It isn’t everyday that you read a book that makes you feel grateful for not being born sooner or later, but exactly when you were born. It is only once in a long while that you come across a story that makes you look for that inflection point in the history of humanity, which made the world become what it is today.

This isn’t a review that I am posting today. It isn’t even a suggestion or a recommendation that you read this book. It is a short Thank-You-Note to Aldous Huxley who penned “Brave New World”, and made me feel grateful for being what I am and for what I have been given – the freedom of choice. I don’t want to discuss the extent of this freedom; I don’t want to flick out a tape to measure it; I just want to experience it.

Huxley had written this novel in 1931 – a time when Behaviorism had matured, its spread aided by the industry; and a time when scientific advances were being announced every day.

Conceptual Summary of Brave New World

Let me quickly summarize the concept of “Brave New World” for you.

The world has “evolved” (degenerated?) where humans are mass-produced under controlled conditions, using the Bokanovsky process. The humans come in different varieties or castes, each variety suited to accomplish the task that it would be required to perform. Thus the humans range from Alphas (the highest caste) to the Epsilons who are nothing better than zombies. The production as well as the education of humans is the responsibility of the State. Sex for procreation is a taboo, people are expected to spend all their free time in the company of others, and ideas of individuality are considered dangerous.

Ivan Pavlov, Sigmund Freud, and Henry Ford have become icons in this world of the future. The calendar begins with the year of Ford’s birth (the story is set in AF 632 or about 530 years from now.)

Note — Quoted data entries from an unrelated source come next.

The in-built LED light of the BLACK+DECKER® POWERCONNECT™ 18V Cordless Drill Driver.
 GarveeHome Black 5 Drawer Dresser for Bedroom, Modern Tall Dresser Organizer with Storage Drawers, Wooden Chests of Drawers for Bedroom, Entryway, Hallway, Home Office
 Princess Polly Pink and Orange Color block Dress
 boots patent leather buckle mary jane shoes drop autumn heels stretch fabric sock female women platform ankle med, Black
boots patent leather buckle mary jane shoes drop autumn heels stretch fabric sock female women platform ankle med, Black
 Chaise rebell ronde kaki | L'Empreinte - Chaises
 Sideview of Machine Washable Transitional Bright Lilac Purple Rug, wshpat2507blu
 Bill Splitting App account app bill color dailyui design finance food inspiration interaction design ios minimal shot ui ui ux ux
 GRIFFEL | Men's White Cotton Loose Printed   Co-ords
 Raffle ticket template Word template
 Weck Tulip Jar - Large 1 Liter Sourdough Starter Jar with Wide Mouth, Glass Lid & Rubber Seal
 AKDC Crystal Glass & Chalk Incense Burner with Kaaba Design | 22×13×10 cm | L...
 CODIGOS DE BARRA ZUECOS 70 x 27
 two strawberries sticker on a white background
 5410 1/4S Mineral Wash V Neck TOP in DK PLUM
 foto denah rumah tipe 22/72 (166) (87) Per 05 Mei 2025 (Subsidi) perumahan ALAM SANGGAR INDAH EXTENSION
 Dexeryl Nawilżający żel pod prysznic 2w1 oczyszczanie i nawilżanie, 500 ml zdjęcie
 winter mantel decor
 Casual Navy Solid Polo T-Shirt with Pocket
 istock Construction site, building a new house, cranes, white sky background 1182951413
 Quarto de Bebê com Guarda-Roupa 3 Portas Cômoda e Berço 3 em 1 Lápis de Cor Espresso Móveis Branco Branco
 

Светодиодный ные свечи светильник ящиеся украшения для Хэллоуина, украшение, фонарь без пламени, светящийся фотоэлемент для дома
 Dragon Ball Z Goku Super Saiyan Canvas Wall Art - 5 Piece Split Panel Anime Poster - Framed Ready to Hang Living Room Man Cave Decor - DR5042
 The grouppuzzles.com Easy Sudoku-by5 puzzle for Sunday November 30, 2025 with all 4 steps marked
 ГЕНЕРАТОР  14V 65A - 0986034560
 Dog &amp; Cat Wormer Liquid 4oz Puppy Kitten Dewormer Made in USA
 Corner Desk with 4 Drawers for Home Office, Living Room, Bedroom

Education of all the castes is carried out partly while they are asleep (by making them listen to numerous repetitions of such statements that define the desired behavior) and also makes tremendous use of behaviorist principles (repetition, reward, and punishment.)

The Wake-up Call

The goal of the story is to contrast the life-style and philosophy of the Reservations (places that refused to change) and the world – and it is this contrast that wakes you up. You find yourself wishing that the world had taken a midway approach, and then you realize that you sub-consciously begin to see yourself in both the worlds, wondering how “A Brave New World” is a very real possibility – and how you need not wait 500 years for it to happen.